- Born: 1797 Lincolnshire, England
- Died: August 13, 1876 (aged 78–79) Napa, California
- Known for: Planting first commercial vineyard in the Napa Valley Building the first wine cellar in Napa Valley

= John Patchett =

American winemaker

John Patchett (1797-1876) was the first person to plant a commercial vineyard and build a commercial wine cellar in the Napa Valley in California. Patchett planted his vineyard in 1854 and started making wine in 1857. Patchett established his winery in Napa in 1858.

==Biography==
Patchett was born in Lincolnshire, England, in 1797 and immigrated to the United States when he was 20 years old. He trained as a brewmaster in Pennsylvania, but was not able to find work.
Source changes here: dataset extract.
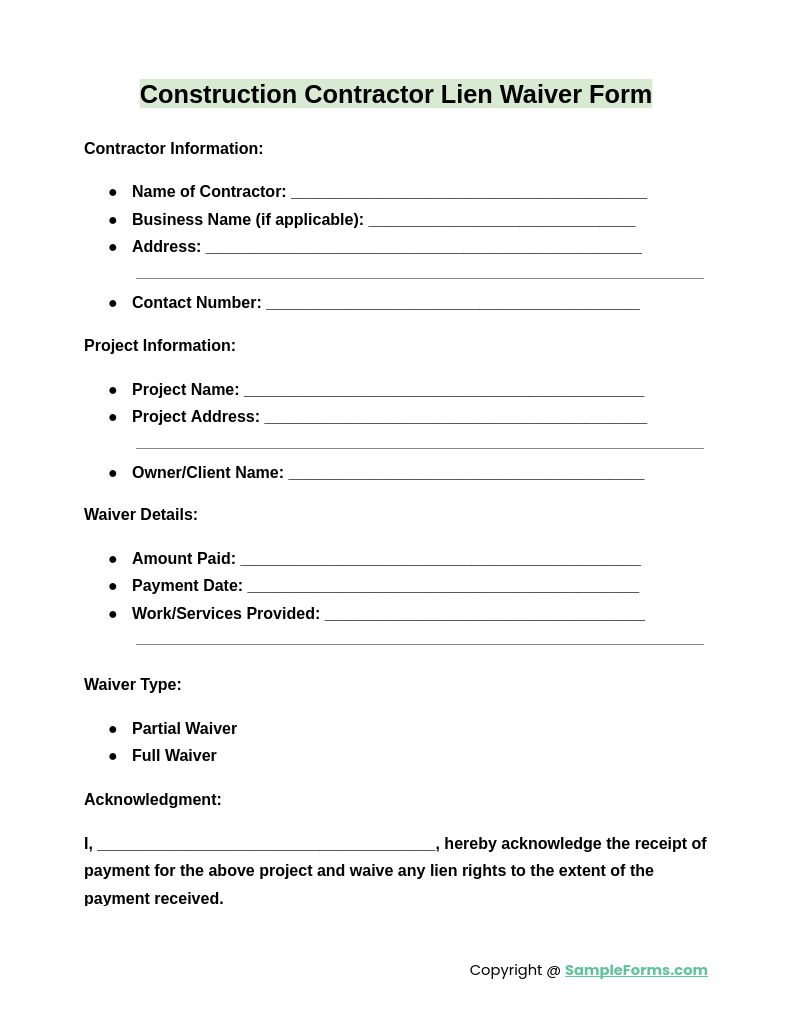 construction contractor lien waiver form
He met and married his wife Esther Passmore there in 1820, and took up farming, moving west first to Ohio, then Illinois and then Iowa. In 1850, the Patchetts were lured by the California Gold Rush and moved to Hangtown which is now known as Placerville, California. He began mining for gold in the fall of 1850 and his wife Esther died in November of that year.
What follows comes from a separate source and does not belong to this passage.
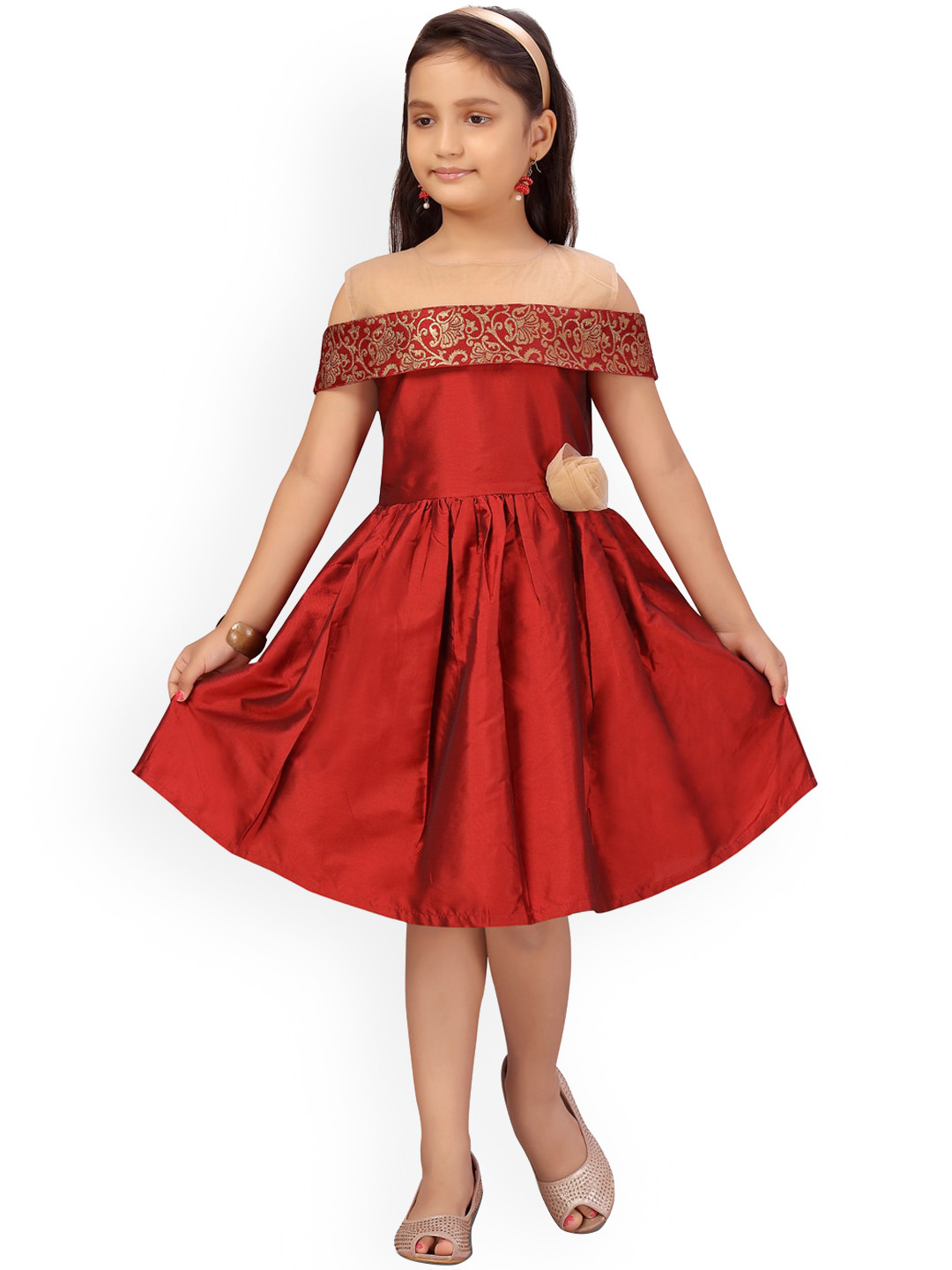 Aarika Girls Maroon & Gold-Toned Fit & Flare Dress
==Winemaking and time in Napa Valley==
Patchett visited the Napa Valley in 1852, and soon began to purchase land in Napa. His first acquisition was 16 acres and his holdings eventually reached 200 acres. Patchett hired Charles Krug in 1858 as his winemaker. Patchett married twice more after moving to Napa. His second wife Susannah Quant died in 1862, and he married Martha Bradshaw in 1865. Patchett died on August 13, 1876, and is buried in the family plot in Tulocay Cemetery in Napa.